History

Race to the Bottom: #3 1941 Phillies

Left fielder and baseball innovator Danny Litwhiler was one of the lone standouts on an otherwise offensively inept 1941 Phillies squad.

This is the third entry in the countdown of the five worst teams in Phillies history. For the introduction and criteria used for this series, please check out the first entry here.

Team: 1941 Phillies

Record: 43-111 (T-4th least wins in any season, T-2nd least wins in seasons with 140 games played or more)

Winning Percentage: 30.1% (3rd worst winning percentage in any season, 2nd worst winning percentage in seasons with 140 games played or more)

Run Differential: Minus 292

The 1941 Phillies line up was young, promising, and full of potential. The youth was there: with an average age of 26.25 years old in their most common starting line-up, the team started a pair of 23-year olds up the middle with Danny Murtaugh at second and Bobby Bragan at short. The promise was there: left fielder Danny Litwhiler was 24-years old and hit .305/.350/.466 with 18 homers leading the team in hits, doubles, triples, homers, and slugging. And the potential was becoming a reality: 27-year old first baseman Nick Etten would lead the team with a .311 average, a .405 OBP, and 79 RBIs.
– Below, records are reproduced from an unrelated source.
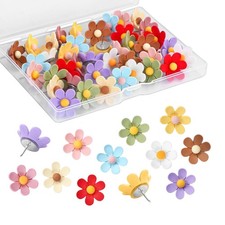 Flower Push Pins - 50 Pcs Decorative Colorful Floral Thumb Tacks for Cork Board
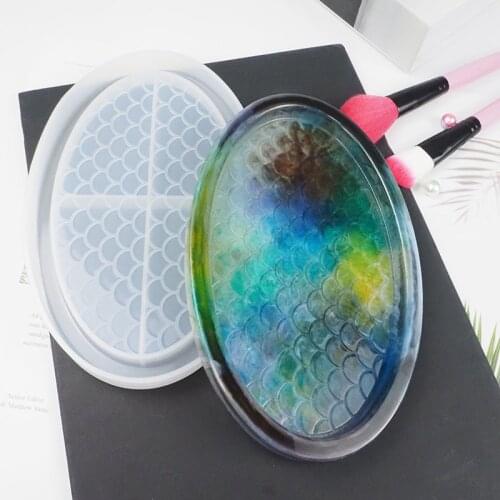 Oval Tray Silicone Mold DIY Crystal Epoxy Resin Fish Scale Coaster Mold Resin Casting Molds Handmade Jewelry Storage Box Tray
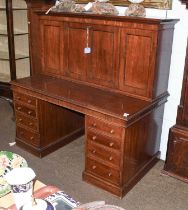 A Victorian Mahogany Twin Pedestal Desk, with panelled super structure, cock beading and turned draw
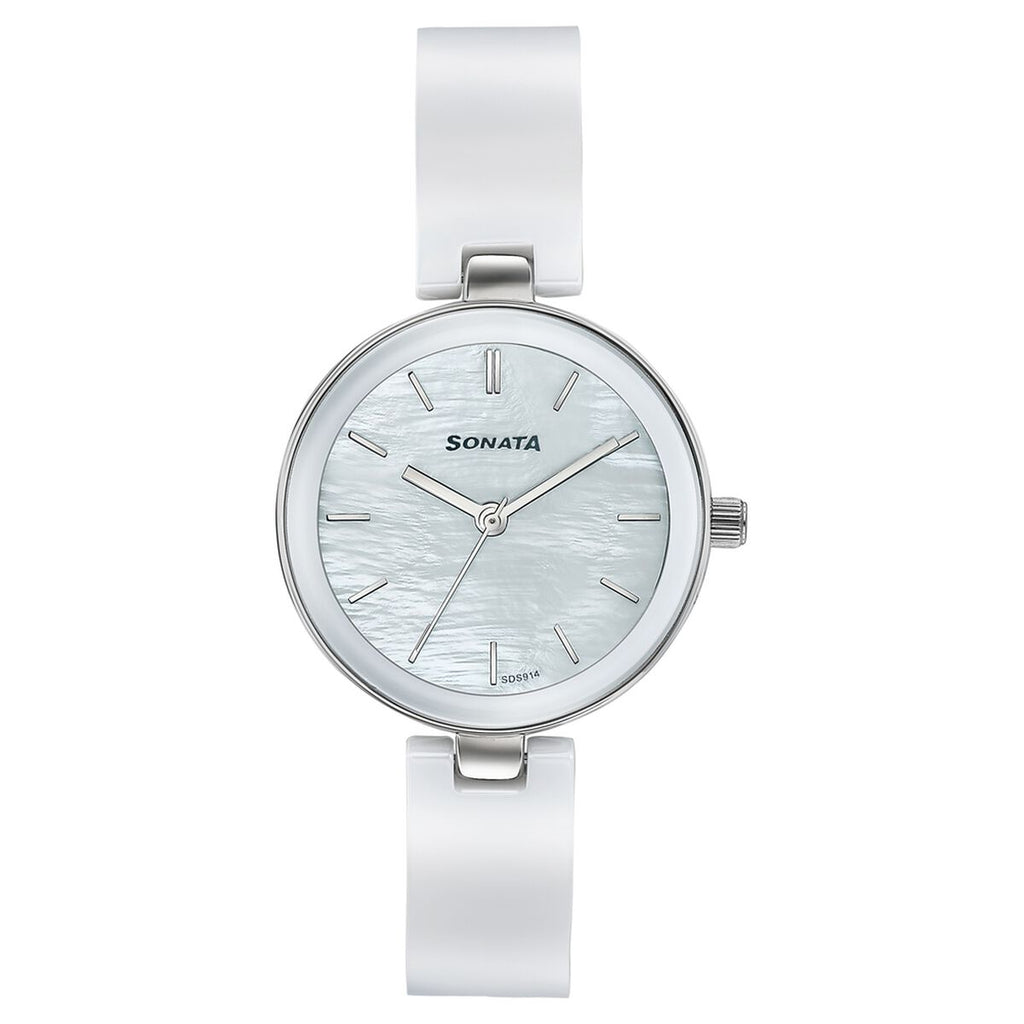 Sonata Festive White Dial Two-Tone Ceramic & Metal Strap Women's Watch 87109KD01W - view 1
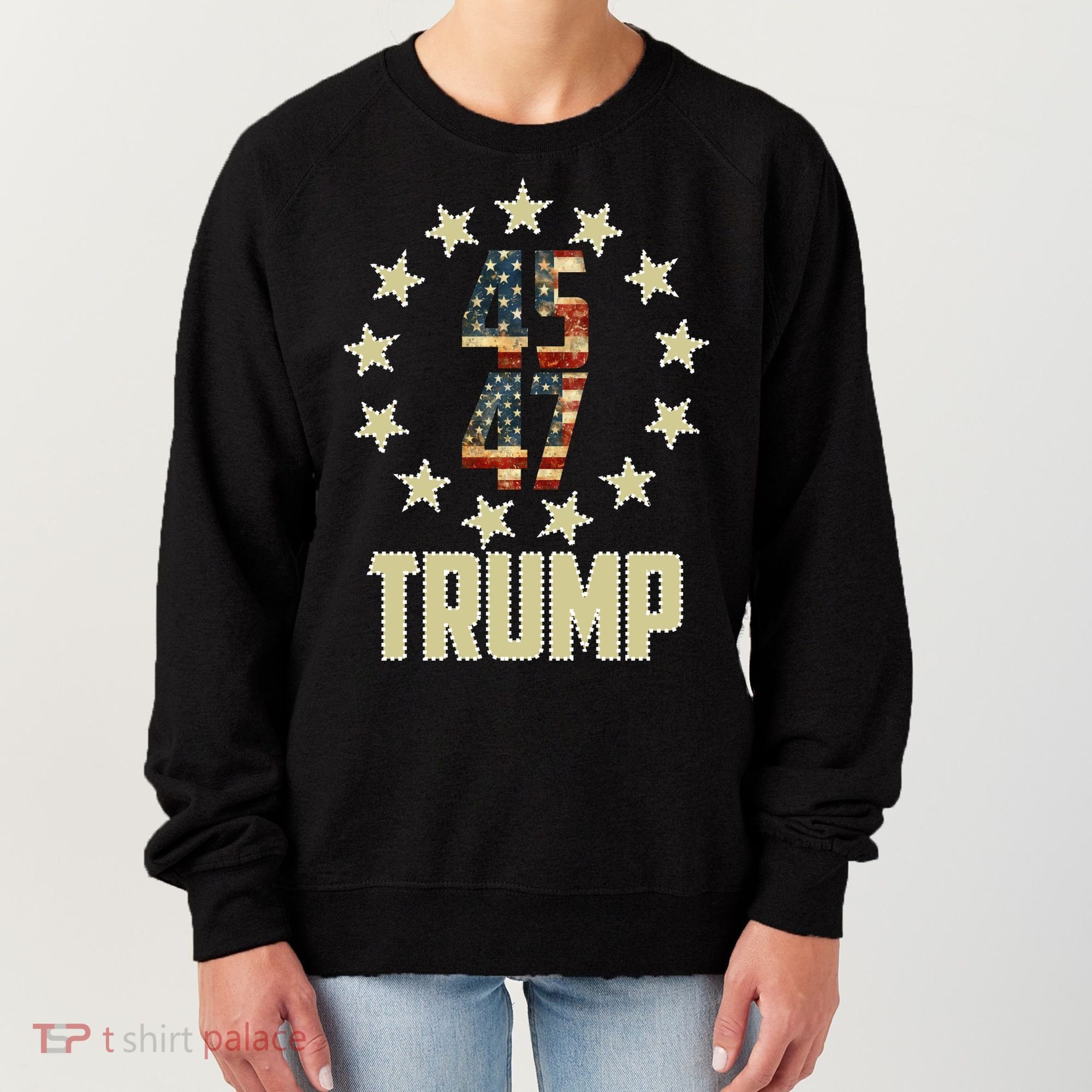 Classic 45 47 Trump American Flag Women's Sweatshirt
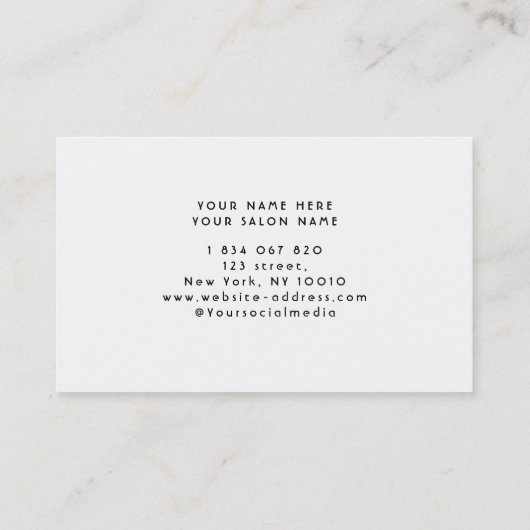 白い大理石の組み合わせ 名刺 (裏面)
Sadly, Lithwhiler and Etten would be the lone bright spots in a line-up that would hit just .244, finishing dead-last out of 16 Major League teams in runs scored, batting average, on-base percentage, slugging, and any combination of therefor. Late-blooming, 30-year old third baseman Pinky May continued to play solid defense and was a solid offensive contributor the previous season but saw a 30 or so point drop across his slash line while similarly late-blooming catcher Bernie Warren hit .214 but slugged nine homers.

Murtaugh and Bragan, along with right fielder Stan Benjamin, all were among the worst regular starters in the Majors. Returning hero Chuck Klein was in the second of five years of his third stint with the team, hitting just .123 with one homer. The Phillies retro-actively ranked lasted in Total Zone defensive measures in the National League while trotting out one of the league’s worst defenses.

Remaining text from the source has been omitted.